Und kennst du eine möglich, wie man die einzelnen Zellen in Listview editieren kann bevor man die Daten wegschreibt?

Gruß
jagga007


----------



## Zvoni (26. Juni 2013)

Die erste Spalte in einem Listview ist das ListItem selbst, ergo einfach die Text-Eigenschaft.
Alle folgenden Spalten (also ab Spalte 2) sind SubItems beginnend mit 1.
Die haben kein text, weil die SubItems selbst schon als String definiert sind.

In einem Listview kannst du nur die Felder in der ersten Spalte editieren. Willst du die anderen Felder editieren, musst du entweder per separate Textfelder arbeiten, oder ein anderes Grid-Control verwenden


----------



## jagga007 (26. Juni 2013)

Das hab ich nun selbst auch gelesen. Vieleicht kannst du mir ja sagen, was hier am sinnvollsten wäre?
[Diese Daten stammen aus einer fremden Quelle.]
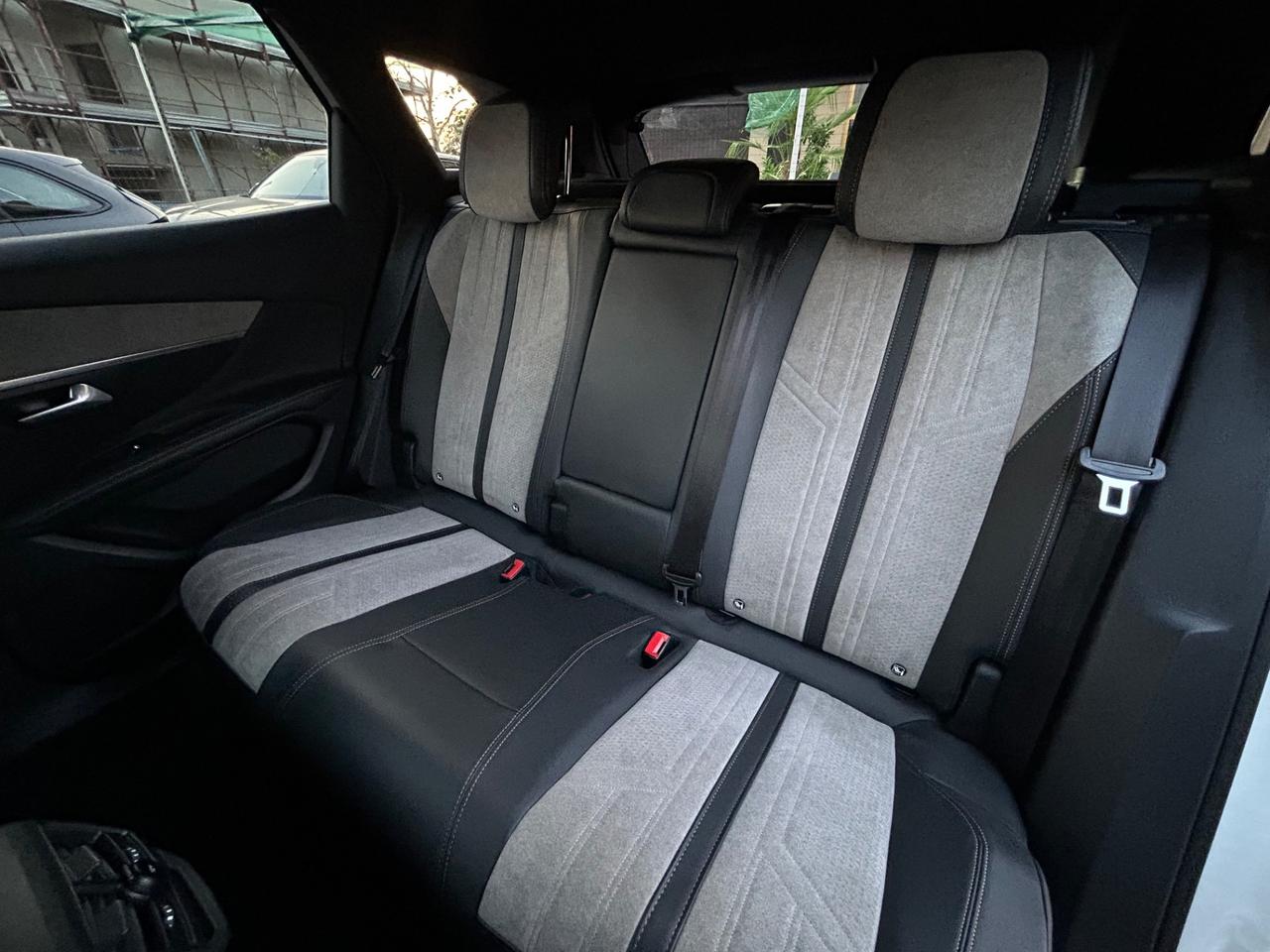 Peugeot 3008 Hybrid4 300 e-EAT8 GT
Und wie ich das bewerkstelligen könnte.

Danke für Deine Hilfe. Ohne diese wäre ich aufgeschmissen.


Gruß
jagga007


----------



## Zvoni (27. Juni 2013)

Ich mache solche Sachen immer wie folgt:
Rechts vom Listview (Form verbreitern) ordne ich mir Textfelder mit entsprechender Beschriftung an, sowie auch einen Button "Update" oder so ähnlich (Validierungs-Funktion einbauen!).
Bei Click auf ein Item im Listview (Click-Ereignis) werden die Textfelder per Listview.SelectedItem (oder wie das Ding heisst) gefüllt.
Danach editiere ich die Einträge in den Textfeldern und per Click auf "Update" klopf ich die korrigierten Einträge zurück ins Listview.
Das ist alles (und soweit ich weiss die einfachste Variante). Ich habe schon diverse Lösungen im Internet gefunden, wo die Leute mit dem MSFlexgrid so eine Art Excel nachprogrammiert haben, aber das ist mir für solche Sachen einfach zu viel Aufwand

EDIT: Hier ist mal ein kleines Beispiel wie sowas auch ohne zusätzlichen Update-Button funktionieren kann. (du musst das .txt löschen)
Mappe aufmachen, ALT+F11, die UserForm auswählen, mit F5 starten, einen Eintrag im Listview anclicken, und schau mal was im Listview passiert, wenn du im textfeld einen Eintrag veränderst.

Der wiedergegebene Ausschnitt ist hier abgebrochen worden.